### TASK INSTRUCTIONS
Unless it is a picture, every line from the start of the entries through the line with "40, slight right, into" must be retyped exactly.
[DATASET EXTRACT Boundary: Start]
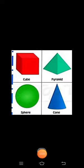Hello everyone, good morning. How are you all? I hope you all are fine. Today in this video, we will learn about 3D shapes.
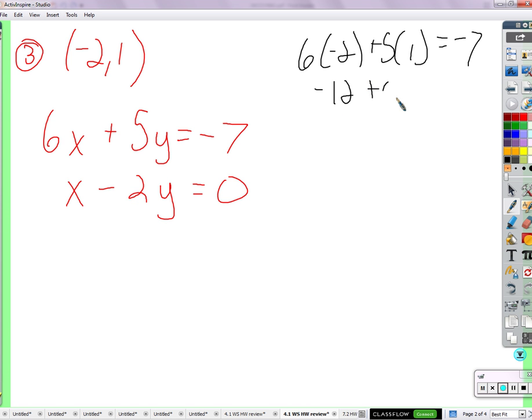Negative 12 plus 5 — does that equal negative 7? Yeah. Okay, so check for that one.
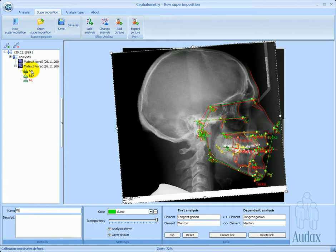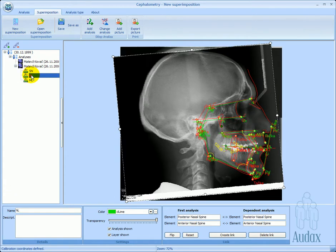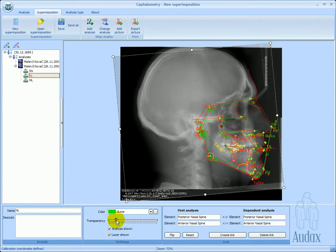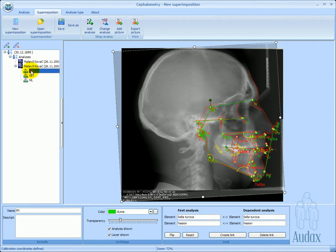Individual links can be selected by clicking on them. For each analysis, the transparency factor can be defined.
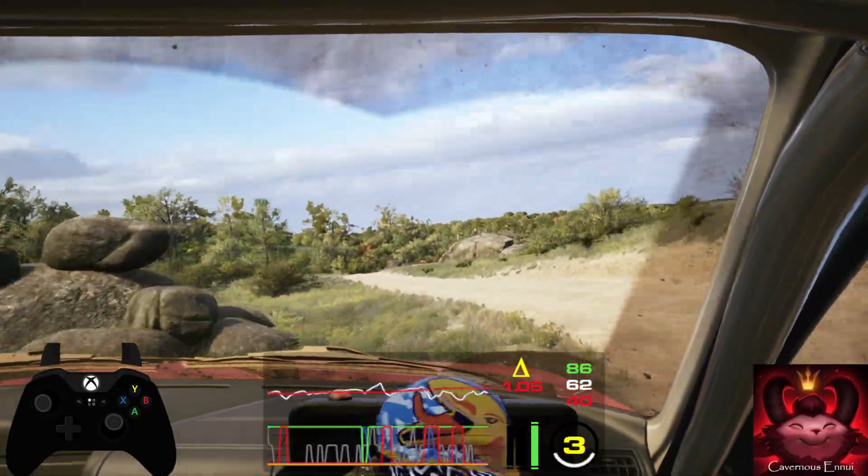40, slight right, into slight left, over crest, 50. 5 right, half long, tightens, 40.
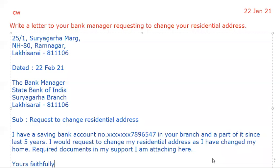The address I have given is: 25 by 1, Surya Garha, Ram Nagar, Lucky Sarai, PIN 221006. Then give a space and write the date: 22nd February 2021. Then give a space and write: The Bank Manager, State Bank of India, Surya Garha Branch, PIN 221006. Then again give a gap and write the subject: Request to change residential address.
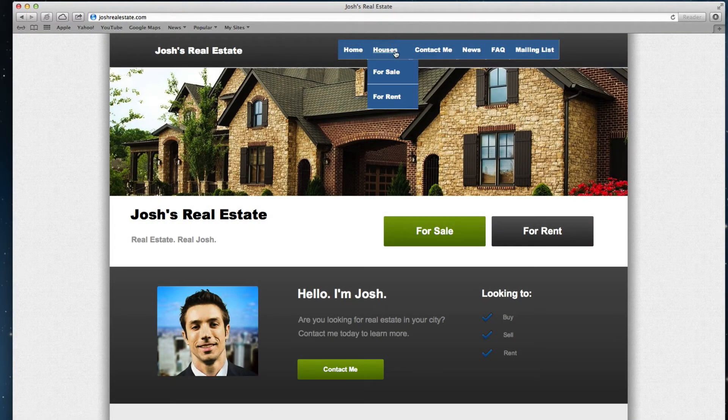This is a good way to organize items on your site and keep your navigation menu clean and simple, while still powerful enough for your visitors to navigate with ease.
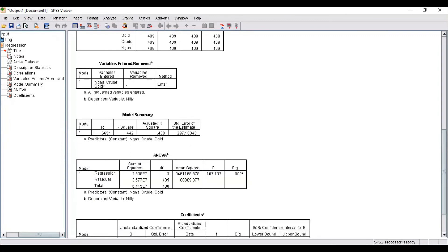Another important output is the R-square value. For this dataset, R-square is 0.442, indicating that approximately 44% of the variation in the dependent variable nifty is explained by the price of gold, price of natural gas, and price of crude oil. You can also look at the adjusted R-square and the standard error of estimate. I hope you liked the video — please click the subscribe button, thanks for watching, and have a good day.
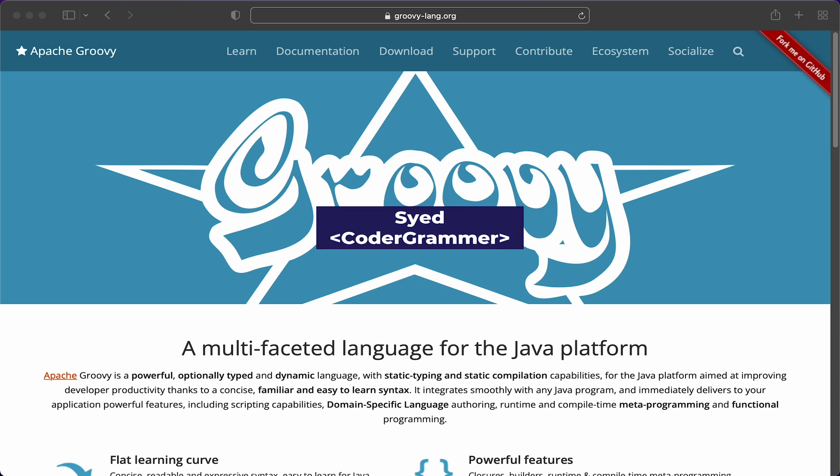Hey folks, I'm Saeed, the Coding Grammar. And in this video, we're gonna look at setting up a project in IntelliJ where we can run Groovy as well as Java together and do a bit of interoperability.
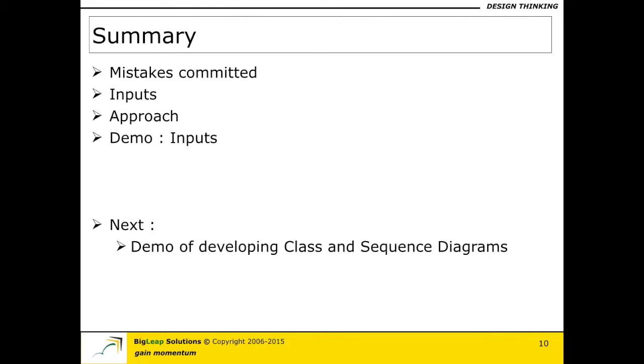And I will end this video here and in the next couple of videos I will be doing a demonstration of how to develop class and sequence diagrams for the scenario that I just defined using Stereo. I will see you guys later.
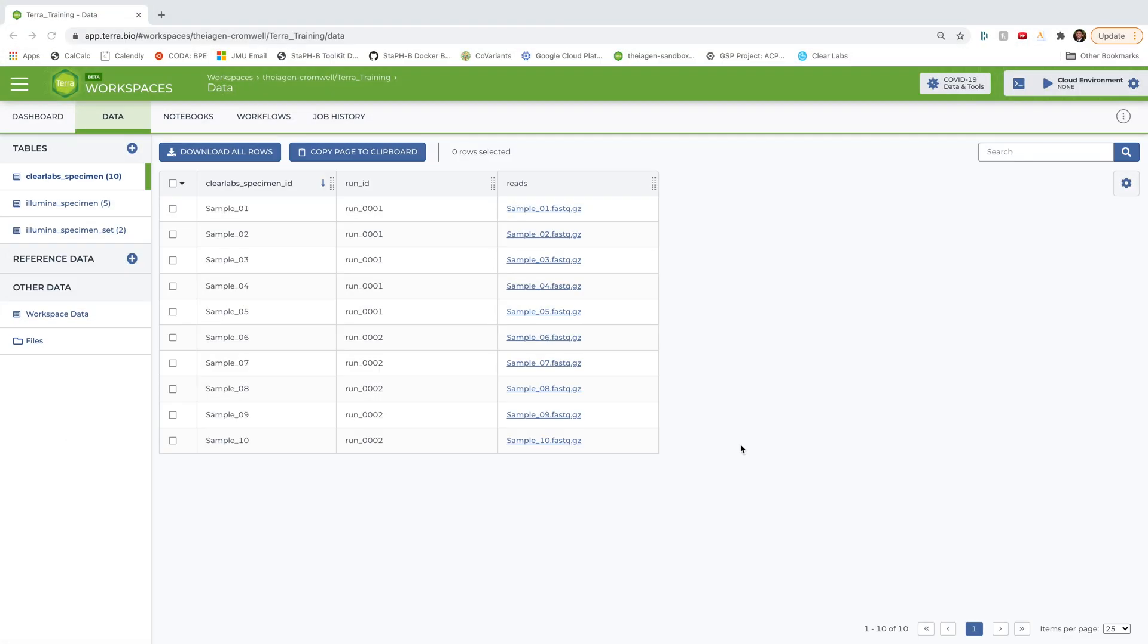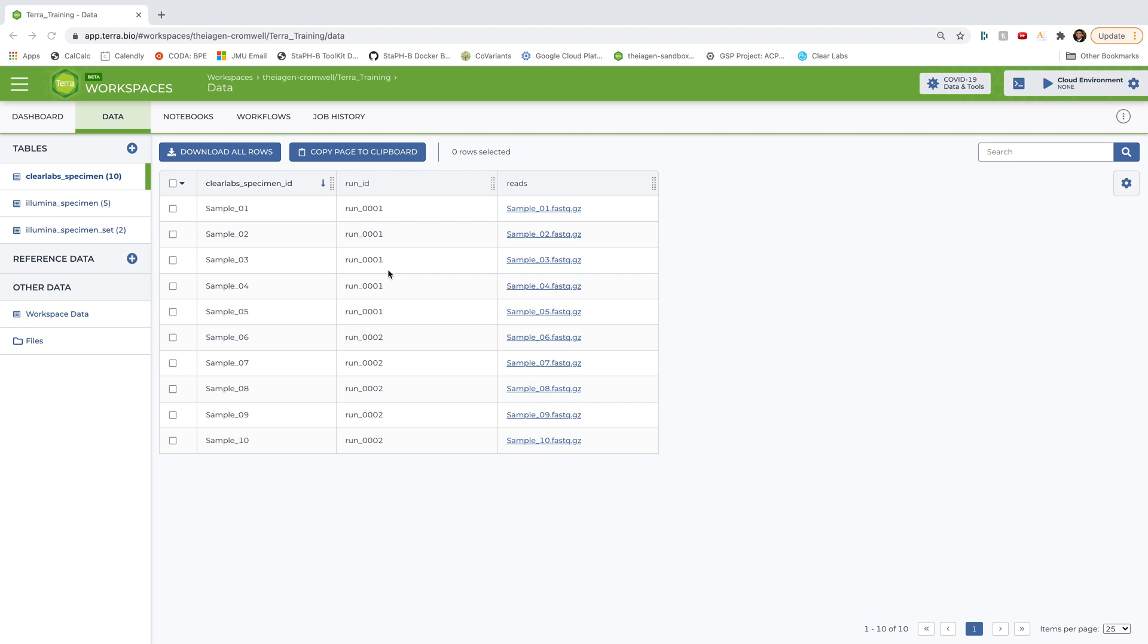Okay, so now we are in our Terra training workspace, and you can see here that I've got a table of 10 SARS-CoV-2 samples loaded into my workspace in this Clear Labs specimen table. And you can see that these 10 samples are associated with two different run IDs, run 0001 and run 0002. In this video, I only want to run the Titan Clear Labs workflow for samples coming off of run 1. So let's keep that in mind when we start defining inputs and outputs for this workflow.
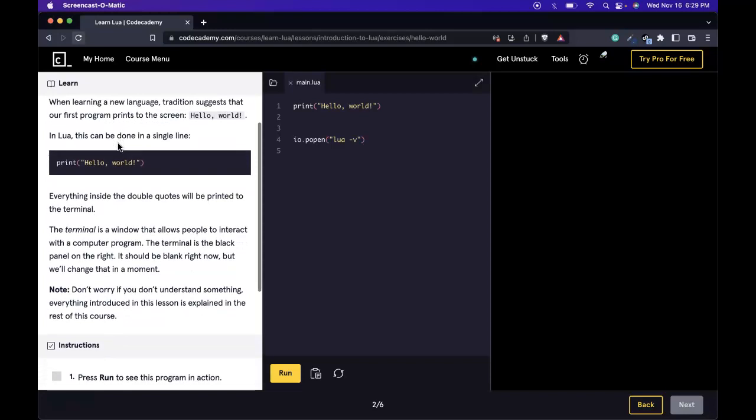When learning a new language, tradition suggests that our first program prints to the screen, Hello World. In Lua, this can be done in a single line. Print, Hello World.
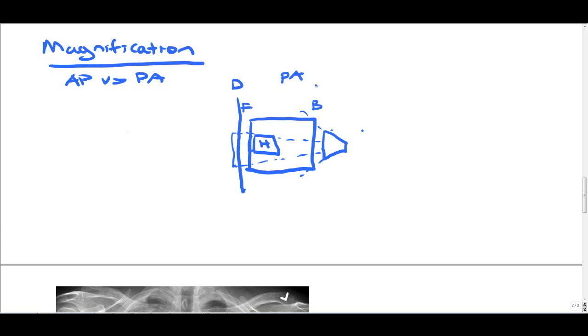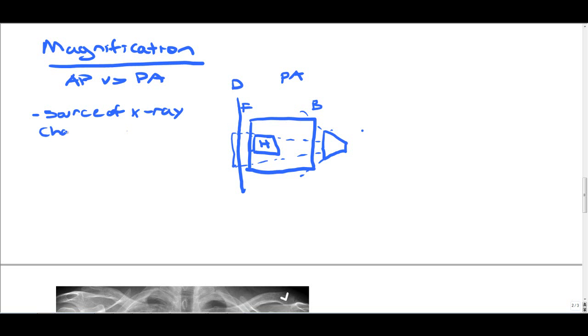That's really important to know when you're comparing x-rays, that they should be from both either all AP or all PA. And if they're not, you need to take that into consideration when you are trying to diagnose a patient based on two different x-rays. So understanding the source of an x-ray is really important in determining the way certain organs will appear on that x-ray.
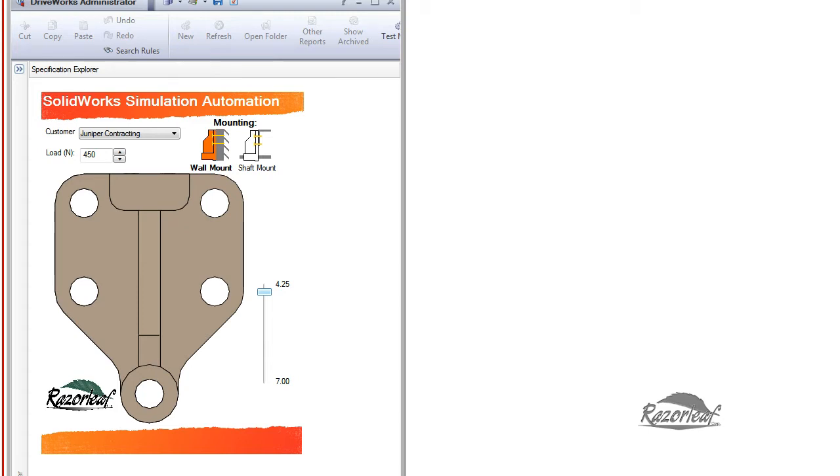You can set up your existing studies in the master model, use DriveWorks rules to drive loading and restraint parameters, and have your DriveWorks autopilot complete the analyses for you during model generation.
[DATASET EXTRACT Boundary: End]
### EXERCISE ANSWER
Hello everyone, good morning. How are you all? I hope you all are fine. Today in this video, we will learn about 3D shapes.
Negative 12 plus 5 — does that equal negative 7? Yeah. Okay, so check for that one.
Individual links can be selected by clicking on them. For each analysis, the transparency factor can be defined.
40, slight right, into slight left, over crest, 50. 5 right, half long, tightens, 40.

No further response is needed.